Very shewed bit of business - getting two records out of Mike.

'Obsession', produced by Ron Nevison, was one of two records that helped me expand my musical world beyond Kiss.

Looking back, the second lamest song on the record is the anthemic single - 'Only You Can Rock Me', which is not lame at all, and opens the record followed by the sheer shredding of 'Pack It Up and Go'. 'Pack It Up and Go' also features the drum track that comes second closest to sounding like Bonham (Andy Parker - drums).

'Arbory Hill' is one of the Schenker penned instrumentals that he was contractually given by the band; one per record. This one has flute. Mike was always keen to show his sophistication in composition.

'Ain't No Baby' - great backing harmonies, again Schenker makes other guitar players look silly as Andy invokes Bonzo (See Bonham).

'Looking Out For No. 1' features a full blown string section (arranged and conducted by Allen McMillan). Great tune, building up to a fantastic middle eight, it's no wonder that the band went with George Martin for the studio follow up. Strings and big loud guitars go together so well, like sweet gherkins and American cheese.

Side Two starts with the lamest song on the record - 'Hot n' Ready' which isn't such a lame tune at all, it's just the damn title/Chorus bit is so cheesy, but the balance of the tune is standard UFO rock bliss.

Ah, 'Cherry' - I don't think Tony likes 'Cherry' - or maybe it was one of my brothers - I love it, I'm a sucker for drastic dynamics, the way the pre-chorus builds into the chorus with 12-string picking, then the big guitars - oh joy!

Tony told me recently that:

"You Don't Fool Me" which has become my favorite, all time, don't even fuckin' argue with me, greatest UFO song ever (Okay, you can argue with me). Tell me M Ward wouldn't weep instantly in his guilt and apologize for the dreck he's sold as albums after he heard MS rip the solo in that song, and if he didn't, then he deserves to go for a ride to the North Jersey Pine Barrens with Christopher Moltisanti." (Sorry Tony, I guess I'm not to be trusted.)

I concur about the solo.

Next we have a reprise of the melody from "Looking Out For No. 1" called 'Looking Out For No. 1 Reprise'. Don't worry, it's just under a minute.

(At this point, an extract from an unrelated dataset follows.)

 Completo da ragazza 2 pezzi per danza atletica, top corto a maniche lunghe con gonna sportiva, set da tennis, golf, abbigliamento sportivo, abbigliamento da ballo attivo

The last two tracks, 'One More For The Rodeo', and 'Born To Lose' are fine songs which just aren't quite as awesome as the rest of the deck, BUT, Schenker still dances circles around mere mortals on these tunes, as mere skeletons for him to strut they succeed where they might not have on any latter UFO record that unfortunately had to be made without him.

Paul Chapman, who had the unenviable task of replacing Schenker, is a great player and played great on great tunes, but as the great tunes started to dwindle, and the drug use in the band escalated, so did his performance. His playing on 'Mystery Train' from the 'No Place To Run' record (fore-mentioned follow up) is undeniable.